Il presidente turco ha voluto ribadire che non si tratta di una guerra offensiva, ma di protezione. Protezione contro i terroristi, come lui definisce le milizie curde, le Ypg. Secondo quanto annunciato dallo stato maggiore turco, le forze armate di Ankara sono entrate nella città insieme agli alleate dell’Esercito libero siriano. Per Rami Abdel Rahman, direttore dell’ormai noto Osservatorio siriano per i diritti umani, “le forze turche e i loro ausiliari siriani hanno preso il controllo di diversi quartieri e i combattimenti continuano“. La difesa, comunque, ha ceduto.

La Turchia ha avviato l’operazione Ramoscello d’ulivo il 20 gennaio scorso per creare una zona cuscinetto al di fuori dei confini turchi, nel nord della Siria.
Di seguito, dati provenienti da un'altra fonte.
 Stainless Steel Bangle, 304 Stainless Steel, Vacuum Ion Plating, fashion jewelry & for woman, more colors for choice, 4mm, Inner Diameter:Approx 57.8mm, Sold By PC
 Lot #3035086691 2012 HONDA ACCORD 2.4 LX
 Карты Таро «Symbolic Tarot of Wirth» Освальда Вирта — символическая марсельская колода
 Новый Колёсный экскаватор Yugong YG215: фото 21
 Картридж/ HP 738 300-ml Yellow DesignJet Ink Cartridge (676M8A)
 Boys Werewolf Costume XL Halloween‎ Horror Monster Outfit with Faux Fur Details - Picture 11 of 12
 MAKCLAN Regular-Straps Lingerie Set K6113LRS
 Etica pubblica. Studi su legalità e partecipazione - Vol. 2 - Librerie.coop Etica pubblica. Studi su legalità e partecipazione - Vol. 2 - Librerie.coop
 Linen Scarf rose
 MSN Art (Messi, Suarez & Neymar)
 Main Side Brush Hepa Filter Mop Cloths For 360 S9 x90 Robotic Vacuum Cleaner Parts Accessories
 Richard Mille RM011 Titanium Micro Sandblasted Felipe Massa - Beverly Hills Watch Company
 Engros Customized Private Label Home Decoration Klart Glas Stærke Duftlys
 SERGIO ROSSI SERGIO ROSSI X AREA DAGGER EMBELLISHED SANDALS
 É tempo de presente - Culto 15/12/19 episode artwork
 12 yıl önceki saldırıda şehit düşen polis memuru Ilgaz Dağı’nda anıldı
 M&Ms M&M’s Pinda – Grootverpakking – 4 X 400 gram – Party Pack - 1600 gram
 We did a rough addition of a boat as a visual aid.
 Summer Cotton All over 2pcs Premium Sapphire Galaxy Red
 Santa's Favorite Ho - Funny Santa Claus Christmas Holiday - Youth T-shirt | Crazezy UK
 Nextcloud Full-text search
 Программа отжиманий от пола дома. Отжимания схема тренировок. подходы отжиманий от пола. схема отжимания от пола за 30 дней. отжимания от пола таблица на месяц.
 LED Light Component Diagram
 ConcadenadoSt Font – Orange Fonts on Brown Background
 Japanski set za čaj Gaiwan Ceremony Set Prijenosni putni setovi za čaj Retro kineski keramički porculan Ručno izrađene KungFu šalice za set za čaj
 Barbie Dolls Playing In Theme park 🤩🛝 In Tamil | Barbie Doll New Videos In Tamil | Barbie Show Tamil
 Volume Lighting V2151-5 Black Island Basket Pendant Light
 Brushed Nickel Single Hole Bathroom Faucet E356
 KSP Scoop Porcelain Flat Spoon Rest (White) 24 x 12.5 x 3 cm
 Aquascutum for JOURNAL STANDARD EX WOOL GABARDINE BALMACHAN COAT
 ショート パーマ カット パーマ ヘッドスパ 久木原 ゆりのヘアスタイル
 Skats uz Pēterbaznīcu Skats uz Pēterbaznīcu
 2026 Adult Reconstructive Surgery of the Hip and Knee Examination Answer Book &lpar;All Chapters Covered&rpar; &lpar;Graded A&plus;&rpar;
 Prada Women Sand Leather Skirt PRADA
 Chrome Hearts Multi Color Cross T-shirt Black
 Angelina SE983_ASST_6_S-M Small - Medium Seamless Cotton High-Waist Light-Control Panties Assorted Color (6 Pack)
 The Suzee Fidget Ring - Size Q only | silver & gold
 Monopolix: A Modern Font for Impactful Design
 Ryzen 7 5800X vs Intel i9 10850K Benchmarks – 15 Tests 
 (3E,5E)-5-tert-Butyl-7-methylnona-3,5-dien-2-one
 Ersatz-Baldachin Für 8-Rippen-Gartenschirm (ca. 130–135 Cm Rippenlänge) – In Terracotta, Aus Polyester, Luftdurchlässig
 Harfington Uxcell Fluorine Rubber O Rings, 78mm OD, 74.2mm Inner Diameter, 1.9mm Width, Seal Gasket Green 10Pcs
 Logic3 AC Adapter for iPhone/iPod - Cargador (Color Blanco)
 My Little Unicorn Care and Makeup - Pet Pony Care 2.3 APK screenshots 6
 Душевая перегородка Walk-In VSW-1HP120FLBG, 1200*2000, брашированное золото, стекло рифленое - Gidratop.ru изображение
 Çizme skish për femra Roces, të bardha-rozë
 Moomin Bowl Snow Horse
L’avanzata di Ankara non si è mai fermata. L’assedio di Afrin è durato parecchi giorni. All’inizio di questa settimana, il presidente turco aveva detto che la città sarebbe caduta in poche ore. Ci hanno impiegato più tempo, ma alla fine, il risultato l’hanno ottenuto. Lo sfondamento delle linee difensive è avvenuto nell’area sudorientale, nonostante il supporto delle milizie siriane filo governative.

Con l’ingresso ad Afrin, Erdogan vince una battaglia. Ma la guerra probabilmente continuerà. Adesso le truppe turche, una volta presa la città, punteranno a stabilizzarla (il presidente turco ha già annunciato di non volerla riconsegnare alla Siria qualora fosse rimasto Bashar al Assad) e adesso si punta a Manbij. Sarebbe questo il patto siglato con Rex Tillerson dal ministro degli esteri turco, Mevlut Cavusoglu. Per la Turchia è importante che le milizie curde, che considerano alleate del Pkk, siano oltre il corso del fiume Eufrate.

Secondo le stime turche, sono morti oltre 1.500 combattenti curdi dall’inizio dell’operazione “Ramoscello d’ulivo”. La maggior parte sono morti in seguito ai raid aerei e ai colpi di artiglieria. Ma adesso bisognerà comprendere la reazione delle altre potenze coinvolte in Siria. e infatti gli Usa e le potenze occidentali hanno tacitamente acconsentito all’invasione del cantone di Afrin, Russia ed Iran sono su altre posizioni.

I rappresentanti di Iran, Russia e Turchia si incontreranno il prossimo 4 aprile ad Ankara. Il vertice rientra nella cornice degli accordi Astana, proseguiti a novembre a Sochi, in Russia. I tre Paesi hanno garantito alcune aree di de-escalation ,in particolare a Idlib. Il ministro degli Esteri kazako, Kayrat Abdrahmanov, ha lanciato un appello “al dialogo tra Russia e Stati Uniti”. Secondo Abrahmanov c’è in programma l’istituzione di un comitato per una costituente che stili la nuova legge fondamentale per il futuro della Siria.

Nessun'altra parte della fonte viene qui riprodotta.